Task to carry out: Below is a block of entries; repeat exactly the lines starting at the line that contains "Funny Fitness Gym Schlüsselanhänger (Vorne)" and ending at the line that contains "Nissan Frontier Pro", both included.

Information given:
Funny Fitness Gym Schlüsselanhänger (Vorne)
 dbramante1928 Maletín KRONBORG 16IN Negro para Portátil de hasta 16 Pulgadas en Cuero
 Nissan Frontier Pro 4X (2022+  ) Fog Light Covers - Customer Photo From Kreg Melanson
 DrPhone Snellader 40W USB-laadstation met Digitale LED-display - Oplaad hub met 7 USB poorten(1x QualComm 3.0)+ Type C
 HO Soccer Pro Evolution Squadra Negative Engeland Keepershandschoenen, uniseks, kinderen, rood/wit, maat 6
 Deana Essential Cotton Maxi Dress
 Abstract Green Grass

* * *

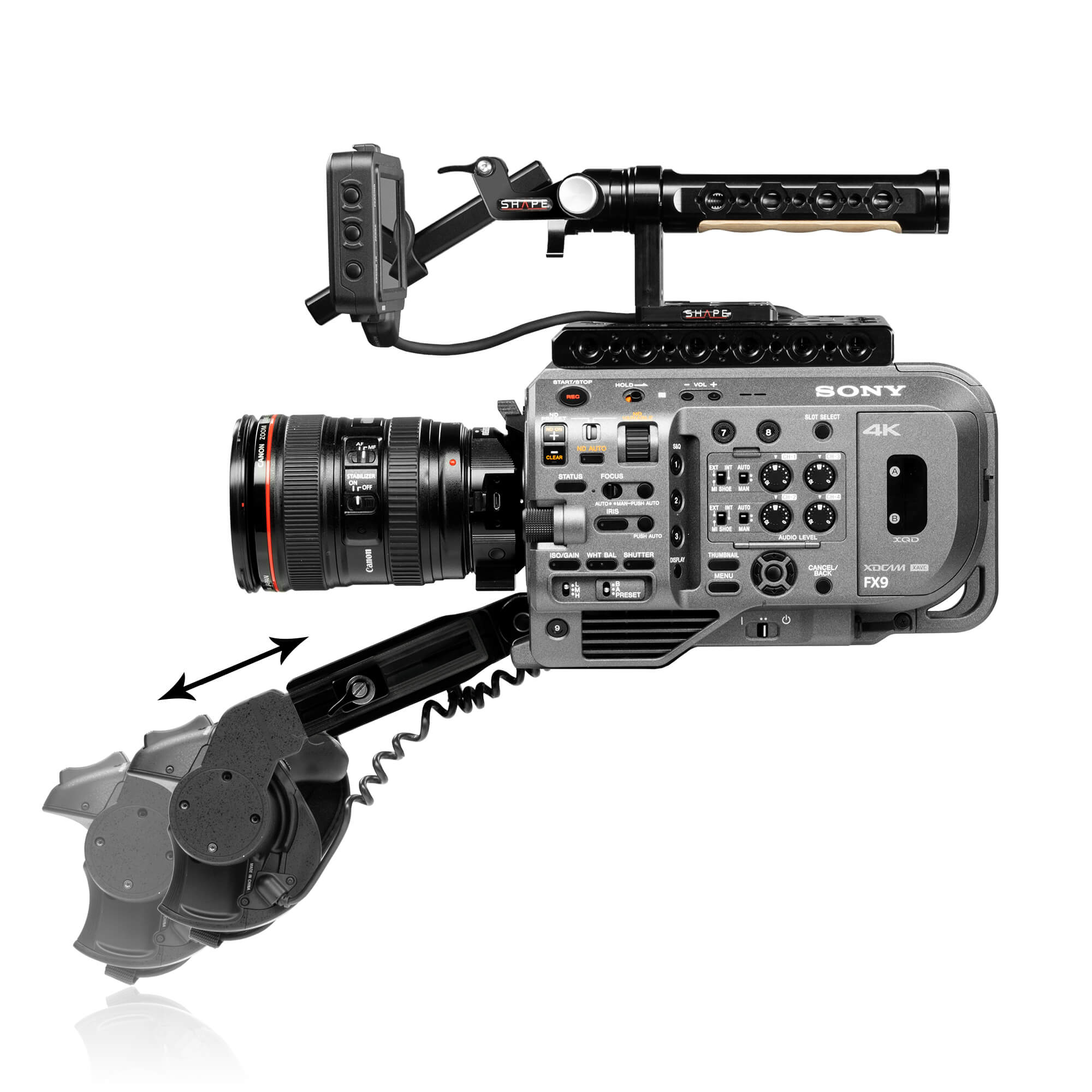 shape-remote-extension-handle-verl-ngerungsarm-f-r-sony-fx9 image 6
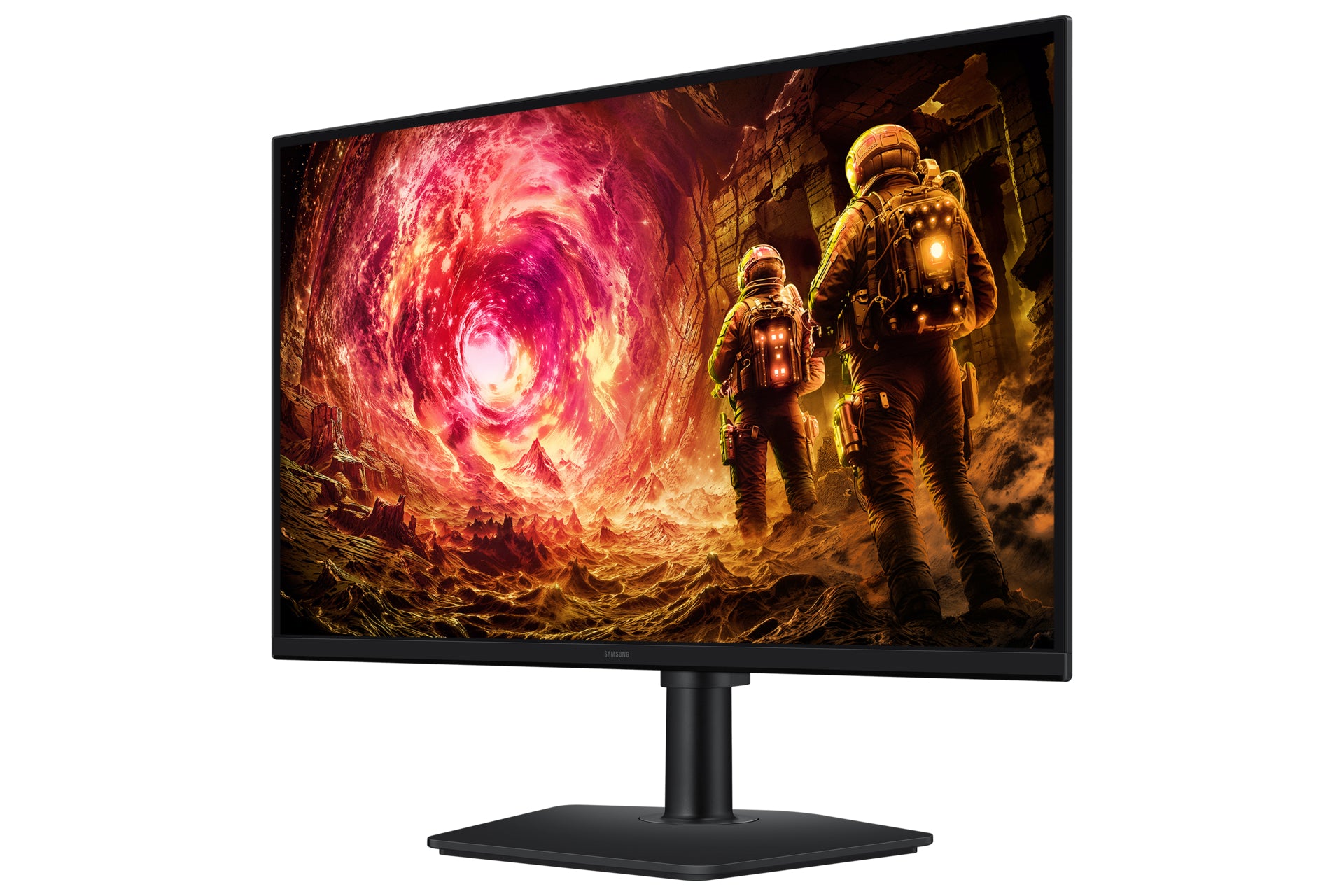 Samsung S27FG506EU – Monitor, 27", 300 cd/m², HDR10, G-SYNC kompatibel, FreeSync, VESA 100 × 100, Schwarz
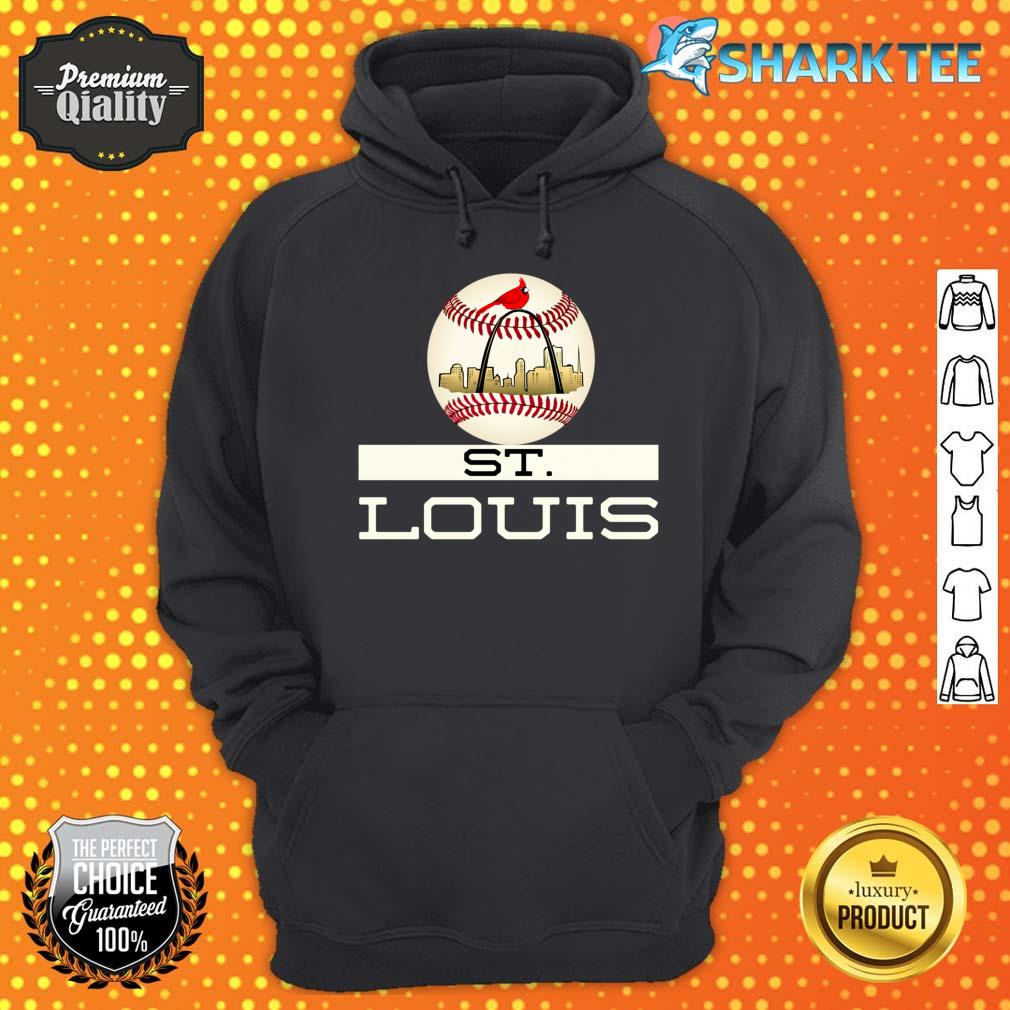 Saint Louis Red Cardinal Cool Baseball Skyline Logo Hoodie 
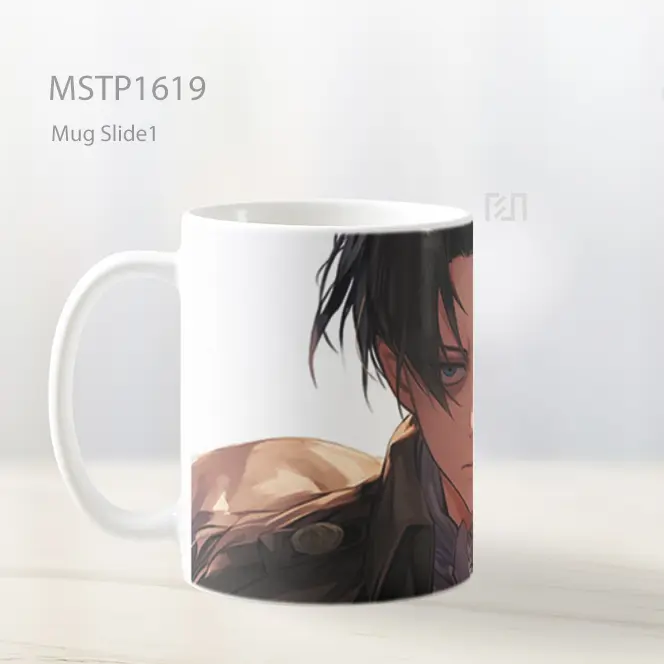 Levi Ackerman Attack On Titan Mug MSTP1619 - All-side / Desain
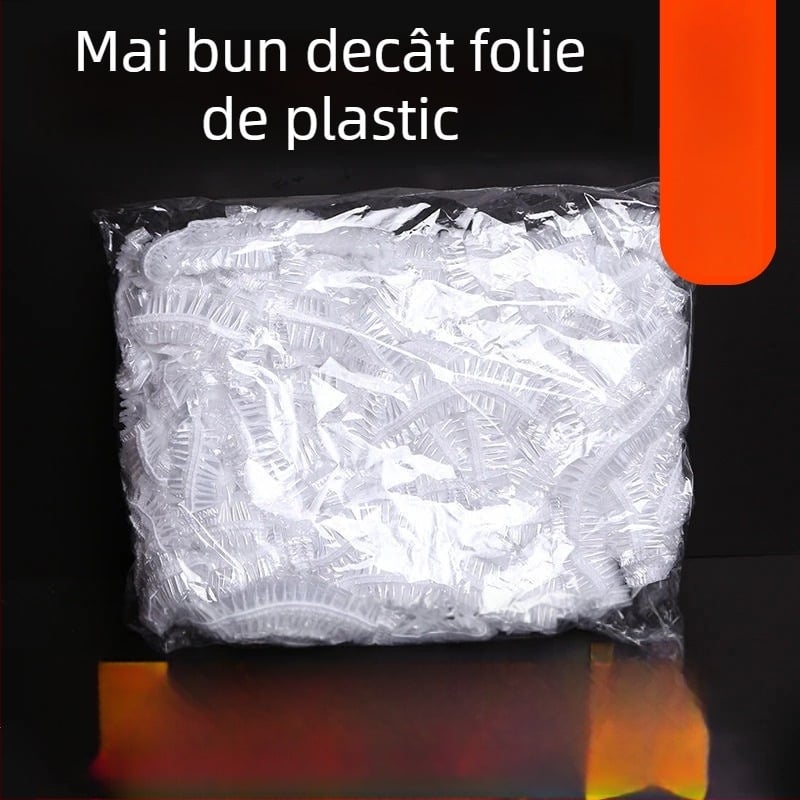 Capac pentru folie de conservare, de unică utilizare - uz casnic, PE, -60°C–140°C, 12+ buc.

Your response:
Funny Fitness Gym Schlüsselanhänger (Vorne)
 dbramante1928 Maletín KRONBORG 16IN Negro para Portátil de hasta 16 Pulgadas en Cuero
 Nissan Frontier Pro 4X (2022+  ) Fog Light Covers - Customer Photo From Kreg Melanson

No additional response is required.